(Data extracted from a collection)
□ □ □ □

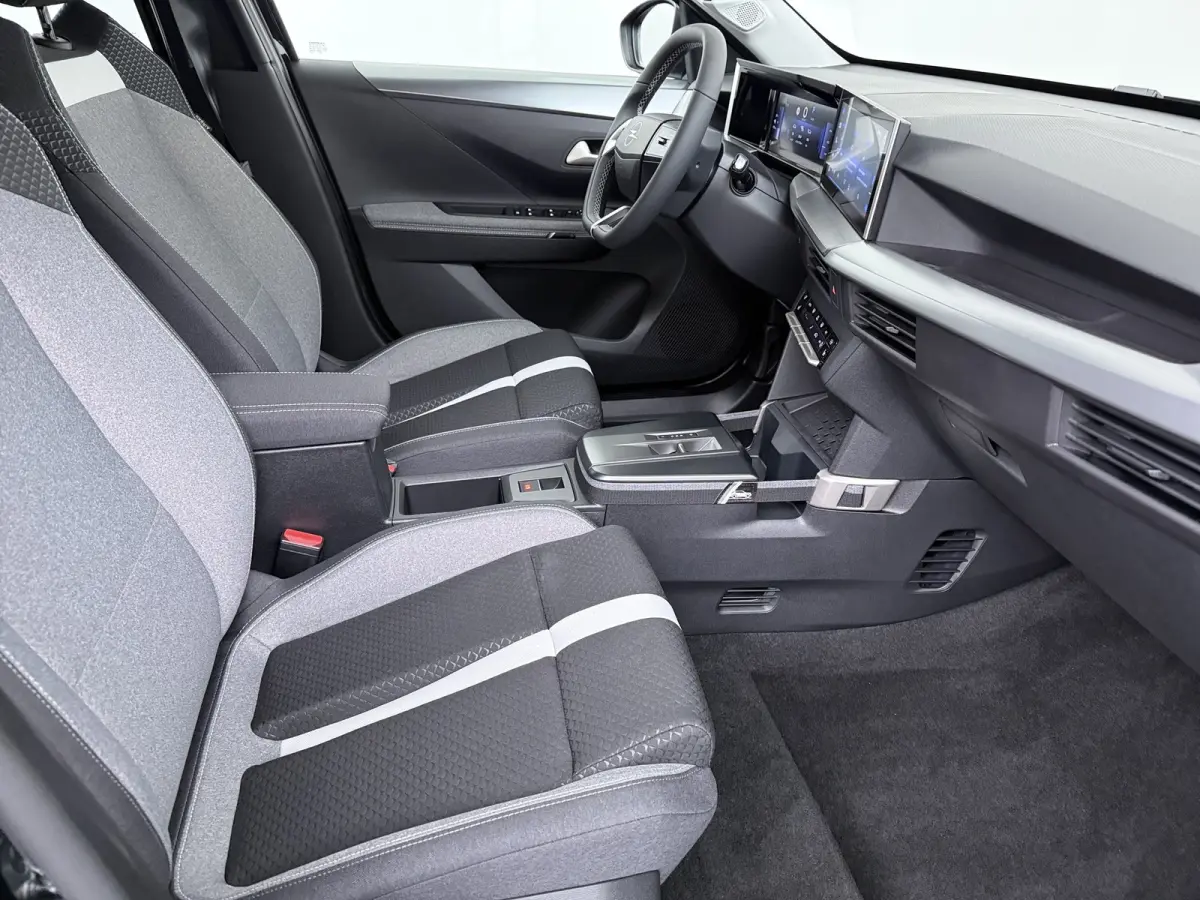 GS - | Apple Carplay / Android Auto | Navigatie | Cruise Control | | 11 kW boordlader | 17" Lichtmetalen velgen in Zwart met 215/60 R17 banden | Dode hoek waarschuwing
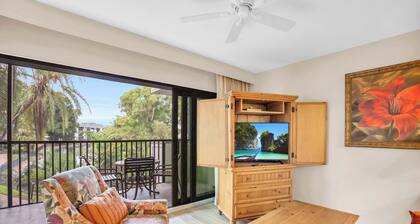 I-250 - Peaceful Views & Close to Beach -Sleeps 6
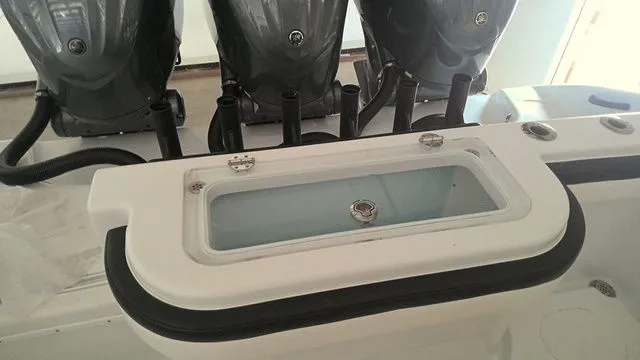 Slide: The Image of Yellowfin 36 Offshore 2023 - 6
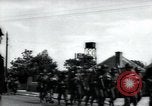Standbild USA Infanteristen Vereinigtes Königreich, 1944, aus Sekunde 14 historischem Filmmaterial Videoclip 65675075131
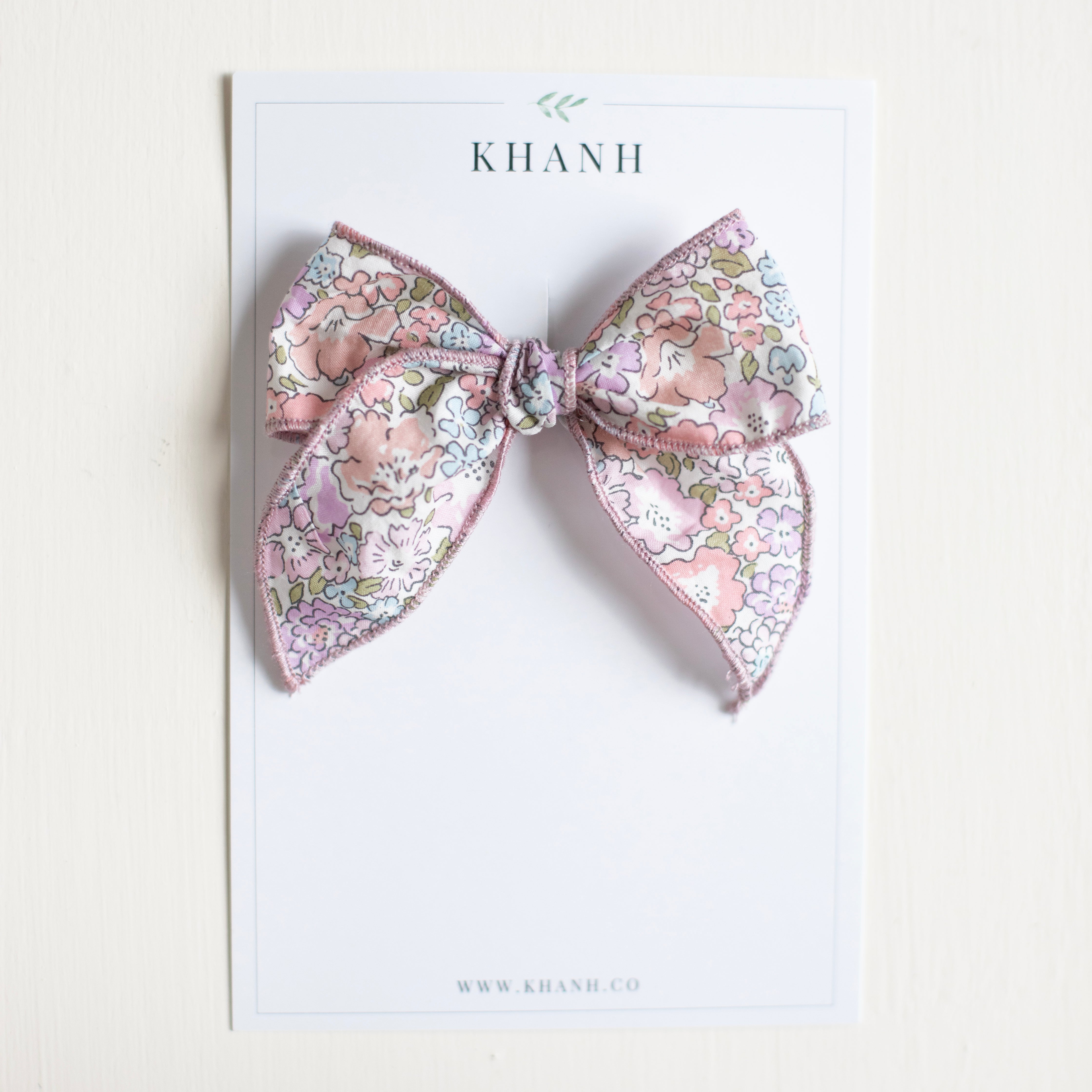 Millie || Medium Whimsical Bow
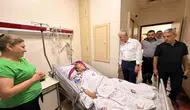 Tahmazoğlu hastanedeki vatandaşlara moral ziyareti gerçekleştirdi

□ □ □ □

# Work instructions
Retype each entry exactly. No pictures.

# Answer section
 GS - | Apple Carplay / Android Auto | Navigatie | Cruise Control | | 11 kW boordlader | 17" Lichtmetalen velgen in Zwart met 215/60 R17 banden | Dode hoek waarschuwing
 I-250 - Peaceful Views & Close to Beach -Sleeps 6
 Slide: The Image of Yellowfin 36 Offshore 2023 - 6
Standbild USA Infanteristen Vereinigtes Königreich, 1944, aus Sekunde 14 historischem Filmmaterial Videoclip 65675075131
 Millie || Medium Whimsical Bow
 Tahmazoğlu hastanedeki vatandaşlara moral ziyareti gerçekleştirdi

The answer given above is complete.